* **What is needed**
One number is the expected answer: the count of lines in the material below containing the word "Jacket".

= = = =

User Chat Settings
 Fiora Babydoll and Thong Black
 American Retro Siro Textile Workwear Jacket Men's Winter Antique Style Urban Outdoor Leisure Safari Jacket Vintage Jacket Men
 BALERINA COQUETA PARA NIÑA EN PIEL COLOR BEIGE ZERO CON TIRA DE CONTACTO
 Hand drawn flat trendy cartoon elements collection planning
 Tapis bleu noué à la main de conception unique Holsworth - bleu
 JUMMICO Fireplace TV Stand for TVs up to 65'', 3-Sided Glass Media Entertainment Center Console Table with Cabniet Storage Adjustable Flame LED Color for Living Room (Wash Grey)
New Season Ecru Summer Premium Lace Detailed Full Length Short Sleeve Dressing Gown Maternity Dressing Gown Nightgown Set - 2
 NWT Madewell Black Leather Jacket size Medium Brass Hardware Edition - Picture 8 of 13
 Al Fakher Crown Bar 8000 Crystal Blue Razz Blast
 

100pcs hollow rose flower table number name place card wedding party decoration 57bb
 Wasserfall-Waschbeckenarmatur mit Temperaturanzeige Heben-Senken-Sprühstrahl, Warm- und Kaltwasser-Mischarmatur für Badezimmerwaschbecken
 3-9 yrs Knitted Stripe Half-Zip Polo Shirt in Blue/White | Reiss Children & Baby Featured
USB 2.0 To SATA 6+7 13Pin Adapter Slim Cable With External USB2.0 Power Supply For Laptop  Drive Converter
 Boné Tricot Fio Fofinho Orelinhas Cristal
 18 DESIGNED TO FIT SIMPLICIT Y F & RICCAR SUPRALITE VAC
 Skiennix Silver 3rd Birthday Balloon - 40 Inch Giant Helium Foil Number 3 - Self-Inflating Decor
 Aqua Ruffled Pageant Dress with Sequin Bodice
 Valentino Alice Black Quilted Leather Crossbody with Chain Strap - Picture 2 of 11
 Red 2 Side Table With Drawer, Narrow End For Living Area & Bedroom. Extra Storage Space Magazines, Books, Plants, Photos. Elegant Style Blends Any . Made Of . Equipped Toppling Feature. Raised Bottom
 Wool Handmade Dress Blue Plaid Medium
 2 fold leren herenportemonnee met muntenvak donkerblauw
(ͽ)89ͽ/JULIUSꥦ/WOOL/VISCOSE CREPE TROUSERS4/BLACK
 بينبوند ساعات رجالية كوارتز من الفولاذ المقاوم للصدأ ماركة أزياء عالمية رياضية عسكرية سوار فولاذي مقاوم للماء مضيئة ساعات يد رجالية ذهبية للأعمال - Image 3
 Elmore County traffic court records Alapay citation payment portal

= = = =

* **Output for this exercise**
2